Mr. Cronin would usually pass out test papers by leaving a stack on the first desk in each row.  After picking out their paper, that kid would pass them back. Some kids would just reach their hand over their heads to pass them to the kid behind; others would turn all the way around; a few would slide them across the desk of the kid behind hoping they might scatter on the floor. What I didn’t like about this method, especially if you were at the end of the row, was that everyone in front of you knew how you did on that particular test.  

I liked it better the few times Mr. Cronin would walk up and down each row dropping our papers on our individual desks.  Personal delivery service.  It meant you got a bit of a head nod, good work, or a hint of a scowl, try harder

Depending on the accumulation of checks or “X”s, letter grades would be sprawled across the top of the paper.  “A”s or “B”s were fine with me.  Sometimes they were further enhanced or degraded by a plus or a minus.  Just one more or one less misspelled word made the difference between a B- or a C+.  I never got “D”s or, the worst, an E.  There were no “F”s then. E, which translated to very poor, was rock bottom. Too many of them and you might be held back.  The prospect frightened me.  I could think of little worse than having to do this all over again with a new set of kids.  Not being promoted, even though I was never in any danger of that, was a prime motivator in doing homework I had no interest in doing.



The Contest 

Mr. Cronin did like to push us. Every few months our homework load would triple, but only for one group of us.  The reason? A boys vs girls in-class scholastic competition.  The winner had no homework over that weekend, the losers essentially brought home every book in their desks.

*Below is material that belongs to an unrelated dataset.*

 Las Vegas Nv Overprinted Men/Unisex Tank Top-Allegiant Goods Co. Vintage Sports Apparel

We all moved into other kids’ seats so that boys were on one side of the room, girls on the other.  Then Mr. Cronin would pepper each group with a variety of questions, things we might have discussed recently, or what we gleaned from homework.  Sometimes individual kids would be asked something, “Name a river in South America.” Other times a question could be answered by anyone. “Name the adverb in this sentence.”  It was at times a sort of confused free-for-all.  But a free-for-all with consequences.

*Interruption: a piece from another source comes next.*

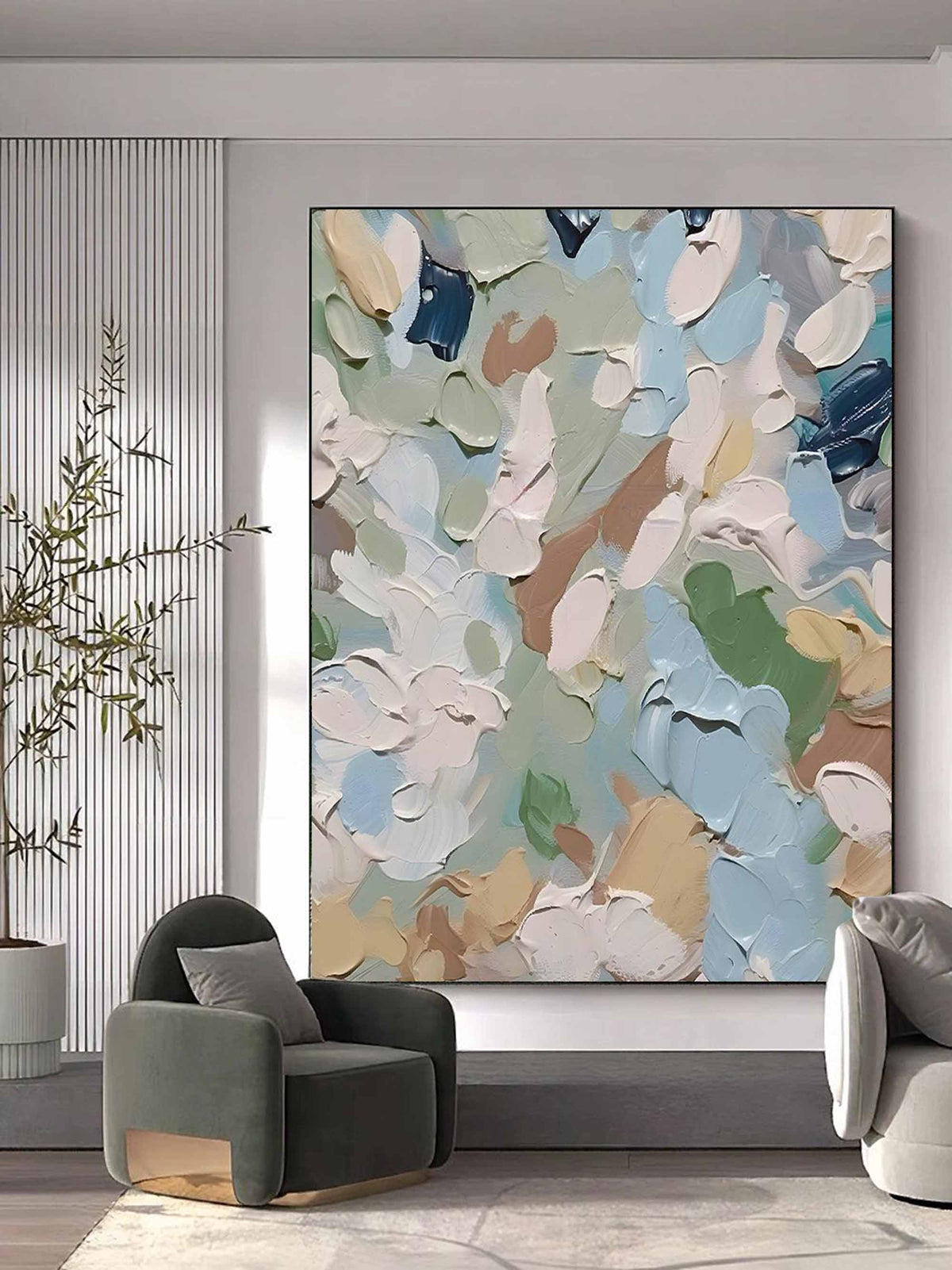 Pastel Impasto Texture Painting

I didn’t like it.  I didn’t like being on the spot if asked a question I couldn’t answer. I felt I let my side down. I certainly did not like all the extra homework.   And the boys lost that first time.

So while the girls clapped and cheered, we boys contemplated extra addition and subtraction problems, more questions to answer at the end of a history chapter. “Be sure your answers are in complete sentences.” Once there was a poem to memorize. What! How could I possibly get all this done? Most of the girls were happy to have  a weekend free of homework, or they just liked beating the boys.  I think a couple of them, and you know who you are, felt a bit lost at the prospect of such freedom.

The next time, when the boys’ side won, the feeling of relief was palpable. Palpable was not a spelling word or a word I even knew then but it sums up the intensity of my feelings.  I was so happy not to walk home with any books, no pressure, no apprehension.  It wasn’t so much about winning, and I’m sure I didn’t contribute much to the effort, it had more to do with the instant release of anxiety when I realized our side had won.  It was like an extra Christmas.



Games

Once or twice a day, depending on the weather, we’d all pour out a back door to the asphalt covered schoolyard for recess. It was during fourth grade recess I began a pattern of non-participation. Recess was segregated in a sense, social pressure pointing girls in one direction and boys in another.  Boys did not jump rope, girls did not play squash. 

Interestingly, while some girls jumped rope or hopscotched, even ran around in a tag game, a fair number would simply gather in groups to talk. Teachers would come by try to encourage them to get some exercise. (We didn’t have a gymnasium so this was our physical education; it was even a subject listed on our report card.) The girls would eventually drift back together again.

Boys were under more pressure to get involved in whatever game was being organized.  This was usually squash ball, a game like baseball with bases and hitting.  No bat though.  You hit the ball with your fist after it was pitched or thrown to you.  It was a large rubber ball, usually red, sized like a soccer ball, only smoother.  Hit it just right and it would take off.   In some games pitching was dispensed with. You held the ball in your hand before whacking it.  Then you took off, tried to get round the bases before the kid in the corner ran down the ball and threw it back in.  Now, unlike baseball, a kid on the opposing side could hit you with the ball when you were off a base. If you were hit, you were out.  Some kids tossed it in your direction, other kids whipped it at you with great accuracy.  It was a rubber ball so it didn’t do any lasting damage but it could sting if you got it in the face, and some kids aimed for the face.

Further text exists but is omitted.